While the numbers don’t resonate with players as often, Bosch often uses analogies to teach his players over the course of a season. Before this spring, Hansen said he cut the bottom out of a cup and filled it with 50 M&M’s, using his hand at the bottom to prevent them from falling. He removed his hand, causing the candies to tumble out, emulating how quickly the team’s 50 games would eventually pass.

Hansen said there are “at least 10” analogies that he’s used this season. For Bosch, there is always a number to back things up, his players said. Everything has a rationale.

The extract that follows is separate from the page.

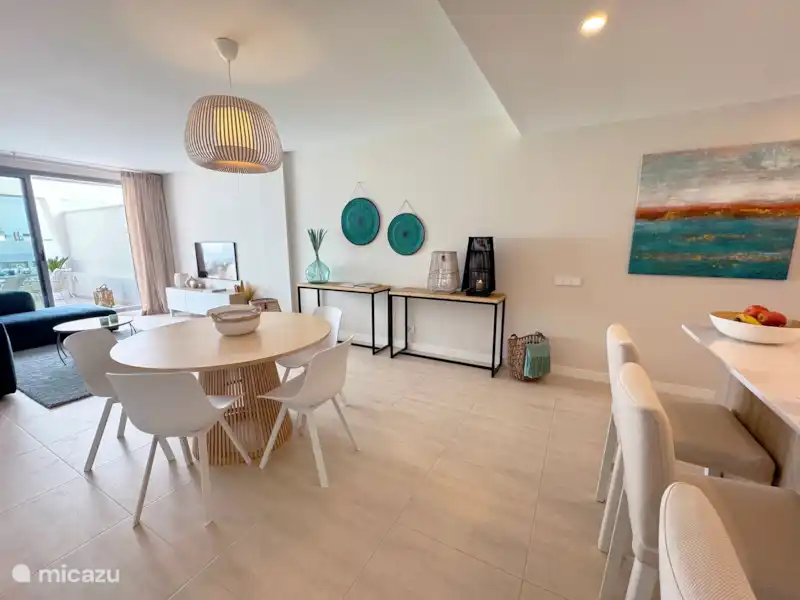 Penthouse 2 chambres avec vue sur la mer Estepona | Espagne, Costa del Sol, Estepona - Penthouse Penthouse 2 chambres avec vue sur la mer Estepona | Espagne, Costa del Sol, Estepona - Penthouse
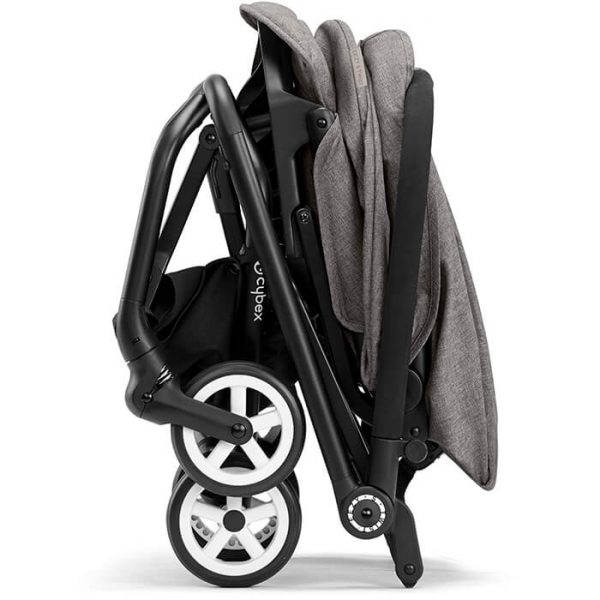 Cybex Eezy S Twist 5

SU vs OCC (Photos by Michael J. Okoniewski-SU Athletic Communications)

Courtesy of SU Athletics

This season, Bosch brought in a toy truck to an SU practice. He called it the “opportunity truck.” Throughout the season, Bosch would drive the remote-controlled truck around the field and bump it into a player of his choosing. The routine is embraced by players, who find humor in it, but Bosch ensures there is a meaning behind it.

Hansen said if you get hit by the truck, that’s your one opportunity. You can either take it or leave it. On April 28 — Senior Day at Syracuse Softball Stadium — the truck hit outfielder Rachel Burkhardt.

With the game scoreless in the bottom of the seventh inning, the senior, in front of her entire immediate family, walked to the plate.

“She got her opportunity,” senior Sammy Fernandez said.

With a swing of the bat, Burkhardt launched the ball over the centerfield fence, a walk-off home run. As she rounded the bases, she covered her face, shielding tears and masking a look of awe. The “opportunity truck” had chosen her, and she seized it.

***

Back in his office in Manley Field House, Bosch rose from his chair and pointed out pictures on the left side of his office, all memorabilia from his time at Iowa Lakes.

He noticed one in particular, and a slight smile crossed his face as he pointed in the direction of the plaque, honoring his former player’s achievements.

“She’s a mom,” he said. “She’s a mom … That’s how you know you’re old, when your players have kids.”

He pointed out a few more and told short stories as he went down the line before he arrived at the plaque he received after his 500th win as a head coach. Syracuse’s April 4 doubleheader sweep of Canisius would mark 600 wins of Bosch’s as a head softball coach.

“Thirty to 40 wins is a good benchmark for a good season,” Bosch said in his office. “To win 600 games, you’d have to win 30 games for 20 years.”

He paused. “Twenty years,” he said. “That’s how you know you’ve been in this for a long time.”

Bosch sat back in his chair. Just three years into his SU career, the coach has big aspirations for Syracuse and will stop at nothing to provide his team the ultimate goal: a national championship. He dug his pen into a piece of paper on his desk and got back to work.